WHAT YOU HAVE TO DO: Could you retype the lines below, starting at the line holding "Película de segurança" and stopping at the line holding "Couple Foto Wedding", inclusive? Copy them exactly and drop the images.

SOURCE INFORMATION:
*****

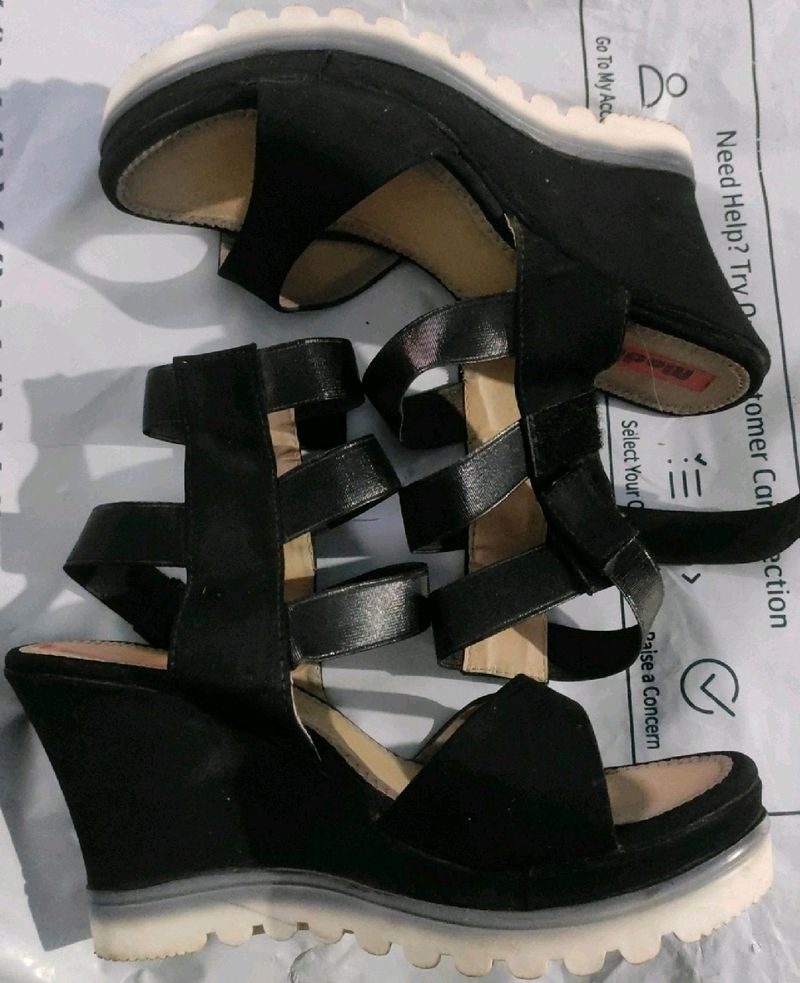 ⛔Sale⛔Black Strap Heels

*****

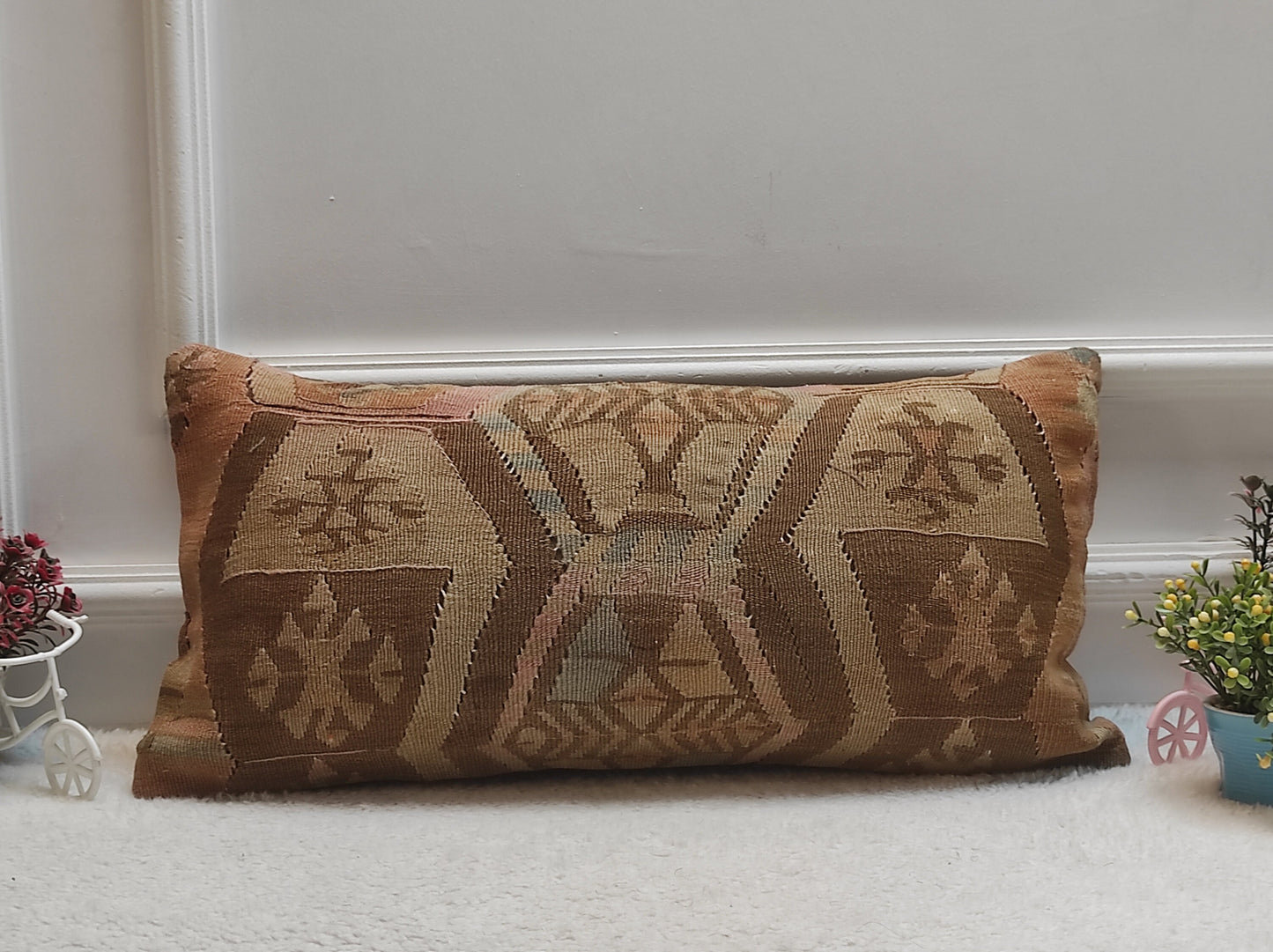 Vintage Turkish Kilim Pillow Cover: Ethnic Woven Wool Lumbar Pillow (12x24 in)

*****

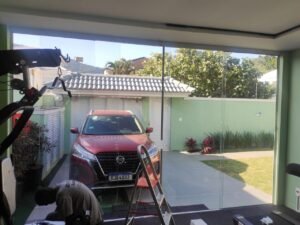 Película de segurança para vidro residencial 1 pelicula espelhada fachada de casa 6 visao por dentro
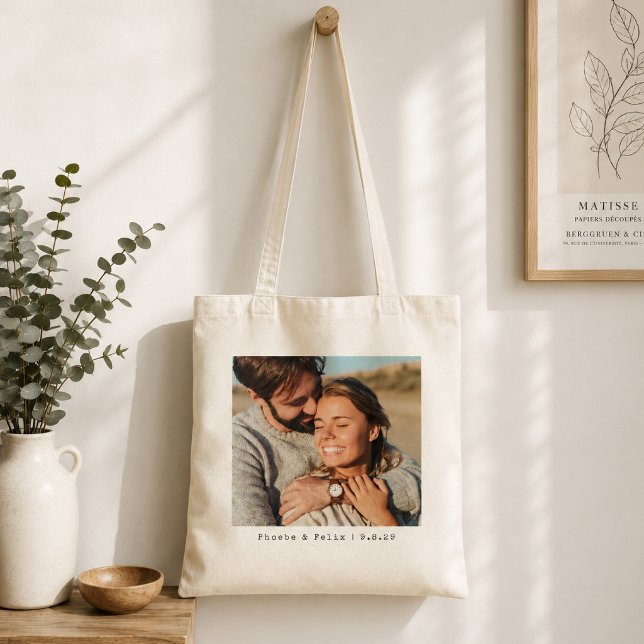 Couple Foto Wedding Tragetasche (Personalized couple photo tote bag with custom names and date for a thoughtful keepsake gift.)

*****

YOUR SOLUTION:
 Película de segurança para vidro residencial 1 pelicula espelhada fachada de casa 6 visao por dentro
 Couple Foto Wedding Tragetasche (Personalized couple photo tote bag with custom names and date for a thoughtful keepsake gift.)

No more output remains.